The sample question I always use in preparing a client to be deposed is, “Do you remember what day the planes crashed into the Twin Towers in New York City?” When your client answers, as she inevitably will, “September 11, 2001,” shake your head. “Too much information,” you warn. “Listen to the question again.” No matter how many tries it takes, allow her to come to the realization by herself that the question is not “What day?” but “Do you remember?” There are only two possible correct answers to the question posed, and they are “Yes” or “No.”

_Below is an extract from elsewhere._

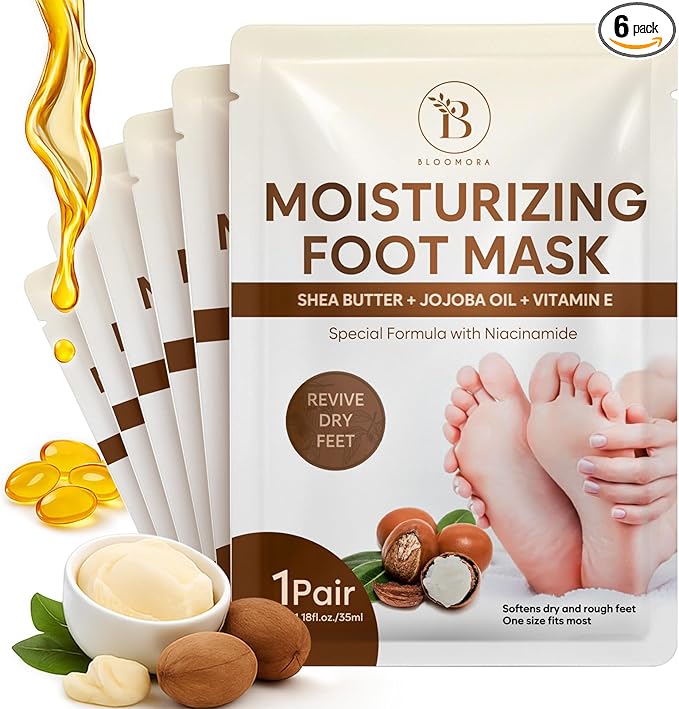 Hydrating Foot Mask for Dry Cracked Feet, Restoring & Hydrating Socks with Shea Butter, Jojoba Oil & Vitamin E, Feet Mask for Women & Men Foot Care (6 Pairs)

Listen to the question. In general, at deposition, your client should limit her answers in the following manner:

  • Concisely answer all questions in “yes” or “no” form, if possible, without providing further unnecessary explanation.
  • If deposing counsel asks an open-ended question or seeks further explanation, keep answers as concise as possible by providing the shortest possible truthful answer to the question.
  • Responses such as, “I don’t know” or “I don’t remember” are perfectly acceptable and infinitely better than attempting to be responsive through guessing or speculation. A witness should never be allowed to guess or speculate about anything. Never. Ever.
  • “I don’t understand your question” is the only acceptable response to a vague, ambiguous, or poorly phrased question.

Remember that you may instruct your client not to answer a question only when it calls for privileged or, in certain jurisdictions, private information. Unless I absolutely must, I don’t engage in “cleanup.” I don’t ask follow-up questions that might elicit a new fact or even to explain prior answers unless I absolutely must to avoid leaving a mistaken or misleading answer on the record.

Follow the Golden Rule. No matter what, remember to play well with others. You can never go wrong by exercising cooperation and plain old common courtesy. But be sure to make your record and stick to your guns when appropriate and necessary for your client. If discovery disputes arise and become contentious, keep in mind that the more faithfully you conduct yourself in a collected and professional manner, the better.